Соловей далее говорит, что русские потеряли исторический фарт (очень научный термин), что они исторически надорвались, и надорвались витально, и что они являются объектом колониальной эксплуатации со стороны "некоторых элитных групп, идентифицирующих себя как либеральные".

Дальше он пишет:

"Этнизация идентичности неразрывно сопряжена с архаизацией ментальности и общества – их опусканием вглубь коллективного бессознательного, возвращением к примордиальным идентичностям (что еще за дугинский "зверь" в научной "берлоге"?), что неизбежно в контексте трагической социокультурной и антропологической деградации отечественного общества".

А в чем источник трагедии? И почему это трагедия? Трагедия – это борьба с роком, а не признание его. Бетховен писал: "Вся жизнь – трагедия. Ура!" Может быть, бетховенские определения не подходят под "примордиальные стандарты" Соловья – Дугина?

В любом случае, либо мы даем оценку мегатенденции и называем ее "искусственно спровоцированный регресс". И, исходя из этой оценки, предлагаем средства перелома данной тенденции. Либо мы смиряемся с тенденцией, к чему и призывает Соловей, и начинаем напяливать на эту тенденцию какую-то "одежку, по которой надо протягивать ножки". Липовую одежку какой-то там "этнической государственности".

Этнической государственности в современном мире не бывает. В данном определении этнос – это племя. А племя – это догосударственная фаза развития народной общности. Для племени можно создать резервацию – убогую "Республику Русь". В рамках этой "Республики" русские должны управляемо деградировать. Регресс должен продолжаться. И ему надо искать новые формы управления. А также объяснения и оправдания.

Осуждая на словах нынешнее "государство-корпорацию" как форму уничтожения русских, Соловей его осуждает-то вслед за Фурсовым лишь за то, что в нем некие "чужие" управляют русскими на антисистемных основаниях. Как только не чужие, а сами русские (или тот, кто под них "смолотит") начнут управлять ликвидационной русской антисистемой, – обвинения закончатся.

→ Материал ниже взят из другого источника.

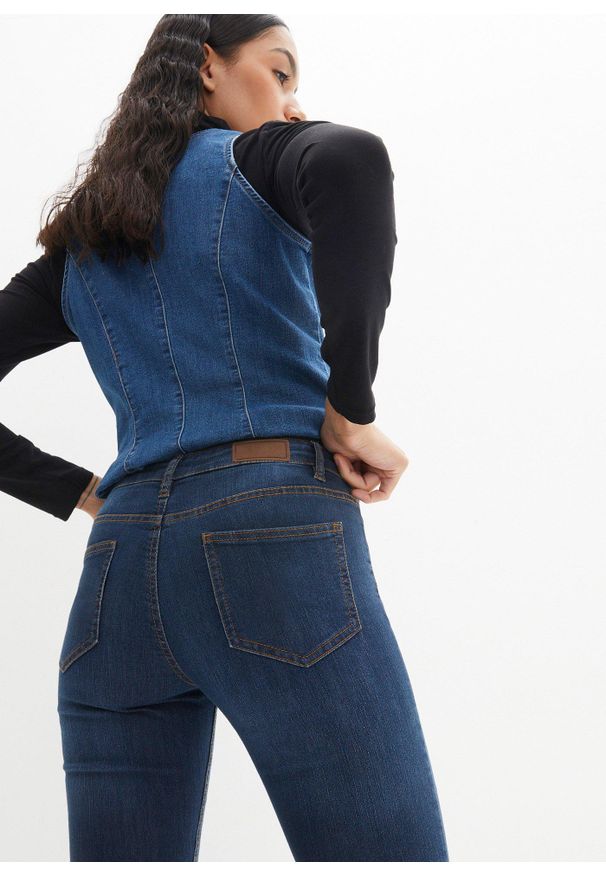 bonprix - Dżinsy ze stretchem o kroju bootcut, mid waist. Kolor: niebieski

Либеральные антисистемные элементы осуждаемы русскими этнизаторами и их соловьями только как конкуренты в деле высокоприбыльного уничтожения русского народа. Их пафос один: "Уж этот-то народ мы могли бы уничтожить сами, и с максимальной выгодой в свой карман!" А им в ответ из либеральной берлоги несется: "Фиг вам! Слипнется, не по чину берешь!"